Biomass briquettes are a biofuel substitute to coal and charcoal. Briquettes are mostly used

in the developing world, where cooking fuels are not as easily available. There has been a move

to the use of briquettes in the developed world, where they are used to heat industrial boilers in

order to produce electricity from steam. The briquettes are cofired with coal in order to create the

heat supplied to the boiler. Biomass briquettes, mostly made of green waste and other organic

materials, are commonly used for electricity generation, heat, and cooking fuel. These compressed

compounds contain various organic materials, including rice husk, bagasse, ground nut shells,
municipal solid waste, and agricultural waste. The composition of the briquettes varies by area due

to the availability of raw materials.

Chapter II


This chapter presents the flow chart, materials, equipment and procedures used in the study.

3.1 Flowchart

Collection and Molding the

Preparation of Mixing the Materials Briquette (Process)

Determining the Ignition Time, Water

Drying the Briquette
Boiling Time and the Time the Briquette
is Totally Burned

3.2 Materials and Equipment

The materials to be used in the study were 250 grams dried mango leaves and 250 dried

mahogany leaves. Starch (Gawgaw) was used as adhesive. Equipments such as; Blender, used to

grind the dried leaves, and plastic gloves used to protect the hands that mashed the cooked leaves.

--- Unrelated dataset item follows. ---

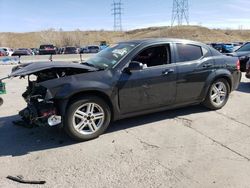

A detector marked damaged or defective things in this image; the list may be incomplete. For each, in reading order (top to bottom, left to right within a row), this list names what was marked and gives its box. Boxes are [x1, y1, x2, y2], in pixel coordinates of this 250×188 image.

damaged front end [9, 61, 96, 128]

Improvised coaling machine, where the dried leaves was made as coal. Weighing scale, used to

measure the exact amount of the mixture per treatment. Tin can, were used for molding the

briquette. Bowl, where the mixture were mixed. Stopwatch was used to determine the ignition

time, water boiling time and the time each treatment were totally burned.
3.3 General Procedure

To be able to gather the data needed in this study, the researcher will do the following


3.3.1. Collection and Preparation of the Materials

250g of dried mango leaves and another 250 grams of dried mahogany leaves were

gathered at Brgy. Paratong, Narvacan, Ilocos Sur. 125g of each mango and mahogany leaves were

mixed. 250g of the dried Mango leaves and Mahogany mixture was cooked in an improvised

machine to turn the dried leaves mixtures into coal. Mix another 125g of each dried mahogany and

mango leaves. And this another 250g mixture of dried leaves were grinded using the blender. The

leaves made as coal was mashed. The Starch (Gawgaw) were cooked and used as adhesion for the

briquette mixture.

3.3.2. Mixing the Ingredients

The powdered coal and biomass (grinded dried leaves) were mixed with Starch (Gawgaw)

to create the briquette mixture with different concentrations.

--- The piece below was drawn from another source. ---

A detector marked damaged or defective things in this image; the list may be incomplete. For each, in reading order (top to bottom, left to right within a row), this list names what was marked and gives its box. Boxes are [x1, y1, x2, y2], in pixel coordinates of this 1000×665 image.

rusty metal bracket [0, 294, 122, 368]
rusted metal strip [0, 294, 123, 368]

Table 1. Concentration of the Treatments

Treatment Biomass % Coal%

1 100 0

2 75 25

3 50 50

4 25 75
5 0 100

3.3.3. Molding Process

The Researcher used tin can to form the twenty grams (20g) of the briquette mixture with

different concentrations.

3.3.4. Drying Process

The Bio-coal briquettes were left for 2 – 3 days to dry properly.

3.3.5. Determining the Ignition Time, Water Boiling Time and the Time the Briquette is
Totally Burned

Ignite each briquette. The time requires for the flame to ignite the briquette, the water to

boil and the time it will be totally burned was recorded using a stopwatch.